Markets have remained volatile in recent months as hopes that central banks’ tightening campaigns are near an end duel with concerns that the higher rates may lead to a recession. At Bank of Montreal, the turbulence led to an increase in first-quarter trading revenue from fixed income, foreign exchange and equities compared with the prior three months. 

Bank of Montreal posted “an in-line quarter at first look due partly to outsized trading revenue, with continued strength in P&C lending in Canada and the US,” Mike Rizvanovic, an analyst at Keefe, Bruyette & Woods, said in a research note, referring to the company’s personal and commercial banking business.

Rival Canadian Imperial Bank of Commerce, which reported results last week, benefited from similar trends in the quarter, while trading was a bright spot in Bank of Nova Scotia’s results, announced Tuesday, which otherwise missed estimates.

Bank of Montreal shares fell after its non-interest expenses rose from a year earlier and its net interest margin remained below year-earlier levels. The shares slipped 1.4% to C$128.94 at 9:46 a.m. in Toronto. 

“On the negative side was NIM compression and high expenses, albeit higher-than-expected expenses might be ‘OK’ as long as the overall narrative of expense control and operating leverage is not materially changing and operating leverage resumes later this year,” Darko Mihelic, an analyst at Royal Bank of Canada, said in a note.

Scotiabank’s results were marred by the lender’s failure to capture the benefit of rising interest rates. Its net interest margin — the difference between what the bank earns from loans and what it pays depositors — contracted to 2.11% in the three months through January, down from 2.18% in previous quarter.

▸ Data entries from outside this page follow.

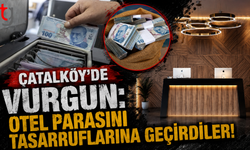 Çatalköy’de Vurgun: Otel Parasını Tasarruflarına Geçirdiler!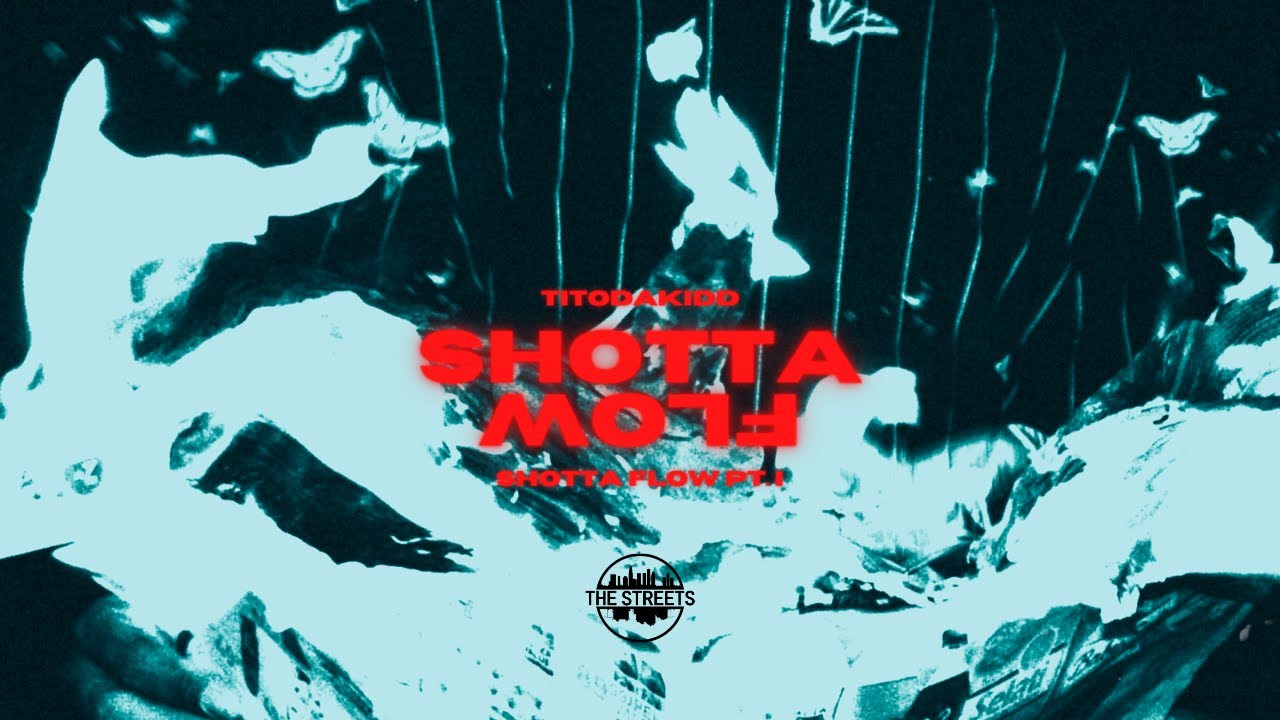 TitoDaKidd - Shotta Flow PT. I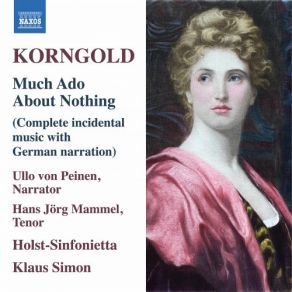 Download track Viel Lärmen Um Nichts, Op. 11 Act I Scene 1, Kriegsmusik Hans Jorg Mammel, Klaus Simon, Holst Sinfonietta, Ullo Von Peinen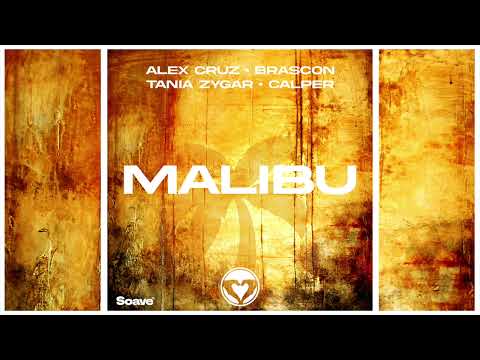 Alex Cruz, Brascon, Tania Zygar, Calper - Malibu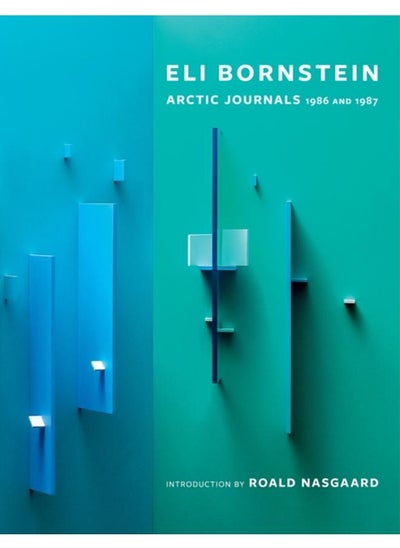 اشتري A Very Sacred Experience : Eli Bornstein's Arctic Journals, 1986 and 1987 في الامارات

International ‘Disappointment’

Scotiabank’s international division — centered on Chile, Colombia, Mexico and Peru — has weighed on the lender’s shares in recent years. Chief Executive Officer Scott Thomson, who took over on Feb. 1, has said that the returns on the capital Scotiabank deployed into international markets in the past decade “have not been commensurate with the risk.” The unit’s net interest margin contracted to 4% from 4.08% in the fiscal fourth quarter.

“We do not believe that expectations were high for Scotia in the first quarter, but the miss will likely be viewed as a disappointment as margins declined in international,” Barclays Plc analyst John Aiken said in a note.

Shares of Scotiabank fell 4.9% to C$68.03. Scotiabank has advanced 2.4% this year, while Bank of Montreal has risen 5.1%, compared with a 6.5% advance for the S&P/TSX Commercial Banks index.

Bank of Montreal completed its $16.3 billion purchase of Bank of the West from BNP Paribas SA on Feb. 1, expanding its US footprint to 32 states and adding 1.8 million new customers. 

Bank of Montreal’s net income dropped 92% to C$247 million, or 30 cents a share, because of accounting adjustments related to the Bank of the West acquisition. Excluding some items, profit was C$3.22 a share. Analysts estimated C$3.16, on average.

The bank set aside C$217 million in provisions for credit losses. Analysts projected C$300.5 million.